So, to give you my view of things: Have you ever seen an INTP in analysis paralysis mode? In MBTI terms, that's probably caused by a dominant-tertiary loop, with Ti and Si ganging up on Ne, ignoring it's input. In effect, you get what is probably one of the most genius-prone personality types of them all, becoming a locked-down, turned-into-oneself, paranoid fool who takes no account of the actual situation but only sees everything that might go wrong ("and surely will", as the self-fulfilling prophecy goes).

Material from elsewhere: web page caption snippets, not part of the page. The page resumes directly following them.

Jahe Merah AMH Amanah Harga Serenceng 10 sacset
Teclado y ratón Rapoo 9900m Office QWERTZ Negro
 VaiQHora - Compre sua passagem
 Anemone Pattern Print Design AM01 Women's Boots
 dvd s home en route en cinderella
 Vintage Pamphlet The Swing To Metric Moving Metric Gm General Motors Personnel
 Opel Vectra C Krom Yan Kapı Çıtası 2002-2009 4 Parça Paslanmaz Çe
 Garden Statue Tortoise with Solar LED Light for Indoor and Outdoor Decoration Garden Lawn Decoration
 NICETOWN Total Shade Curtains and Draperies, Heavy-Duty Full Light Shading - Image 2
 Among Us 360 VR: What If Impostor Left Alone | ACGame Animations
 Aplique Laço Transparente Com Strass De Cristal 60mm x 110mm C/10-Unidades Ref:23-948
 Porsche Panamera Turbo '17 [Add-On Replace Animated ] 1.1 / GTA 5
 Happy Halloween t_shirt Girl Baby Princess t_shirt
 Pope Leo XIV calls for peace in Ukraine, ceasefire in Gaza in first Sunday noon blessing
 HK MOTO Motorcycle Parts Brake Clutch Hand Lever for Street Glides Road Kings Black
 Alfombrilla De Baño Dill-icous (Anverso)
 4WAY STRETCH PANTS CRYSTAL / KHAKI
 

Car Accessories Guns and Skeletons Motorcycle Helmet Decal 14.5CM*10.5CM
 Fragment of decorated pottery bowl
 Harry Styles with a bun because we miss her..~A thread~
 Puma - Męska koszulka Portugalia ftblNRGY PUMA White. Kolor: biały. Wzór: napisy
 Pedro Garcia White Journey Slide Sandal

The same could probably be said of "broken"/immature Sensor types, that don't take into account more than their acute needs and wants - young ESFPs are notorious for that. It's not that people with an ESFP personality are especially stupid - quite the opposite, actually, if you count street-smarts with the same scoring system as you count book-smarts. But no, it's not very likely that an ESFP will be the next physics or physiology/medicine Nobel prize winner...

So as has already been said: Having an S or an N (in any direction) as your primary data-gathering function doesn't say diddly squat about how intelligent you are or how useful your brain is in a certain situation, and most tests are pretty bad at measuring more than one application of your intelligence. 
Just for example, I (ISTP) soak up theoretical data as a sponge and make the necessary logical connections pretty fast, as long as I see the practical application for things. I got certified with a 93% score as an administrator for a system that we're about to start using, after reading through >500 pages of textbook material once in two evenings. The INTJ I went with didn't have any worse circumstances for taking the test, but flunked with a 62% score. How's that for big-picture thinking?
On the other hand, he has the ability to retain information that's plain boring and useless. Oh, and unlike him, I don't suck at skiing and surfing. :crazy:

So what I'm basically trying to say to the world in general, is this: Shut the hell up about "N"s and "S"s until you can present relevant big-picture data. :wink:


----------



## sts06 (Aug 12, 2010)

I'm just going to reiterate what many other people here have said that it's not about N or S being more or less intelligent; it's about what process you choose to use to get to your conclusions. Like xReBoRN7 I tested really high at school (though unlike him I actually chose to work hard - at least in primary school. In high school I did cruise a bit because I was able to get decent grades without any effort). Our school system used to measure us against all the other students in the country and gave a score based on how many other students of your age you beat. I scored 95+ on all but maths (which I got 85 for) which means I was better than 95% of the other children in the country of my age (and 85% of them for maths). Ironically, until I came to this forum and came up against this attitude of 'sensors are only good at street smarts' or 'sensors are stupid' I never questioned my intelligence. In a way it's been good because I've had to really analyse myself and realise that, yes, I'm still intelligent; it's the people who think Ss can't be smart who have got things a bit screwed up. If we care about IQ I have a higher tested one than my ENFP husband. If we don't care about that, I can run rings around him intellectually because while he's definitely an N he doesn't really care about academics and theorising. He's not dumb but he values other things, whereas I value education and academia. Neither S nor N is more or less intelligent in and of itself; they are just different ways of approaching a topic.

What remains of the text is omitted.